So, I came across this question:
A plane perpendicular to the x-y plane contains the point (2, 1, 8) on the paraboloid $z = x^2 + 4y^2$. The cross-section of the paraboloid created by this plane has slope $0$ at this point. Find an equation of the plane.
I was able to figure it out by finding the gradient $<f_x, f_y>$ at the mentioned point and using that as my normal, to get an answer of $4(x-2)+8(y-1)=0$. All is well and good. Then I came across this question:
Find an equation for the plane tangent to $7=x^2 - 3y^2 +z^2 = 7$ at the point $(1,1,3)$.
Since this equation is not in terms of $z$, I used implicit differentiation to find $\frac{\partial{f}}{\partial{x}}$ and $\frac{\partial{f}}{\partial{y}}$, and thought of using these as my normal to the plane. However, looking at the back, they had an answer of $2(x-1) - 6(y-2) + 6(z-3)$. That is, they treated the function as $f(x,y,z)$ and just found the three partial derivatives, and used that as their normal. I don't quite understand why they can do this. The function is in three dimensions. So shouldn't the gradient have only two? Also, even if I assume we are allowed to do this, for the previous question, I should be able to write $0 = x^2 + 4y^2 - z$ and find a gradient $<2x, 8y, -1>$ just like the second question, but that changes my whole answer. So why is it not allowed in the first question, but allowed in the second?
Hmm good question. So, suppose you have an equation $F(x,y) = x^2 + y^2-1$, now the level sets of that scalar functions are circles as long as $F(x,y)>-1$ (why?). Now, recall that gradient of $F$ is perpendicular to level sets and hence $\nabla F$ is perpendicular to the circle passing through point $(x,y)$. If you evaluate this function on a point on the circle, you can guess that you would get a vector in normal direction to circle.

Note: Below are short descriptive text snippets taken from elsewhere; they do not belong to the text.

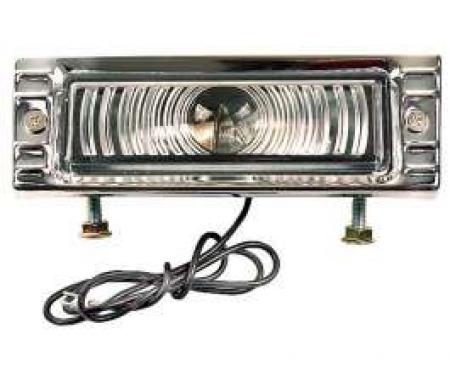 Chevy Truck Parking Light Assembly, Clear, 6 Volt, 1947-1953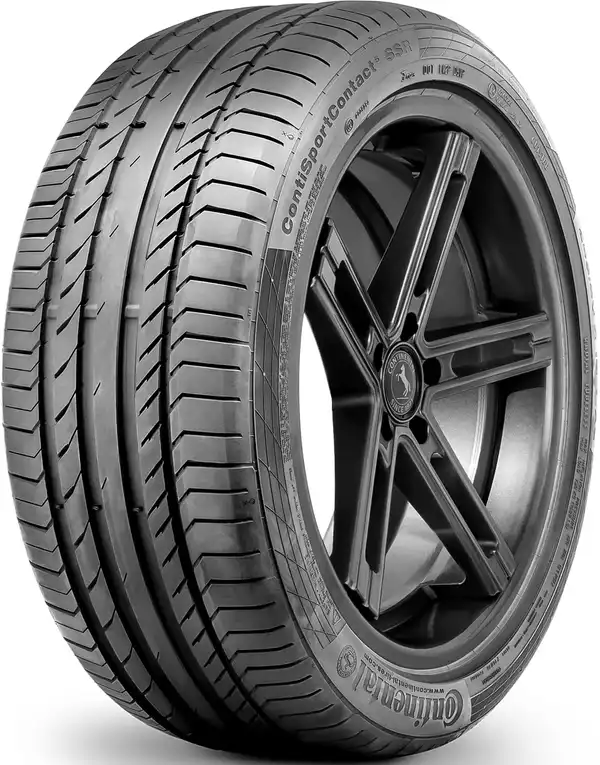 245/35/R19 Continental SportContact 5 SSR Tyre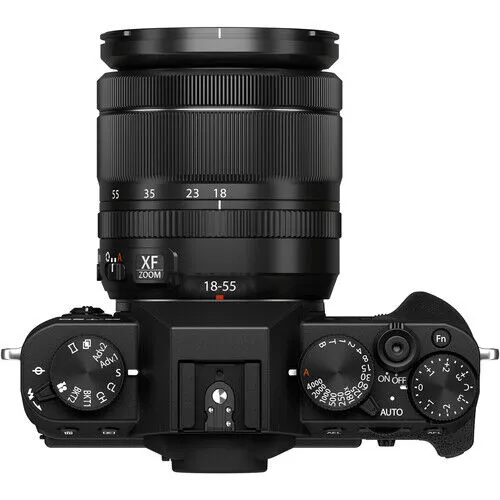 Фотоаппарат Fujifilm X-T30 II Kit XF 18-55mm f/2.8-4 R LM OIS, черный-2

Concrete example, consider the point $(0,1)$ on circle $x^2 +y^2=1$, to get the normal vector here rearrange to make it $F(x,y)=0$ and then take the grad:
$$ \nabla F = <2x,2y>$$
To get the unit normal divide by magnitude:
$$ \hat{n} = \frac{<x,y>}{\sqrt{x^2 +y^2} } = <x,y>$$
Plug in $(0,1)$ and you can see that this is indeed the unit normal at the point
Tl;dr: Bringing all the variables of a three variable equation to one side and gradien'ting it gives the normal to the surface corresponding to that equation.
Btw to compare with the first question, notice that the plane is not really tangent to the paraboloid.